Stored entries
»»
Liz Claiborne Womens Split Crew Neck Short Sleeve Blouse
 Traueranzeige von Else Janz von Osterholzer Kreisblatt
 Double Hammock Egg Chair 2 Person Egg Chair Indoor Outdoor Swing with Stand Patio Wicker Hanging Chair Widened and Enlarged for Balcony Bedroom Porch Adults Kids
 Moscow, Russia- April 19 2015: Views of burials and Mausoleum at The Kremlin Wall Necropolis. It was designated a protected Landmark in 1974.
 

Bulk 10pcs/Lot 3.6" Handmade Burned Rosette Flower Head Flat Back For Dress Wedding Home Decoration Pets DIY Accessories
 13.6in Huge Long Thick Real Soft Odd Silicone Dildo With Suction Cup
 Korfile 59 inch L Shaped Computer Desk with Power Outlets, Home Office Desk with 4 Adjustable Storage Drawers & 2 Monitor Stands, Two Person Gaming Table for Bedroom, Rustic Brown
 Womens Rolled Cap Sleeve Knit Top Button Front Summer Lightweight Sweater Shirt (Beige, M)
««
[What the exercise asks]: Write out, without alteration, the line that contains "Korfile 59 inch" and all subsequent lines down to the end of the data above.

[Solution to this exercise]:
 Korfile 59 inch L Shaped Computer Desk with Power Outlets, Home Office Desk with 4 Adjustable Storage Drawers & 2 Monitor Stands, Two Person Gaming Table for Bedroom, Rustic Brown
 Womens Rolled Cap Sleeve Knit Top Button Front Summer Lightweight Sweater Shirt (Beige, M)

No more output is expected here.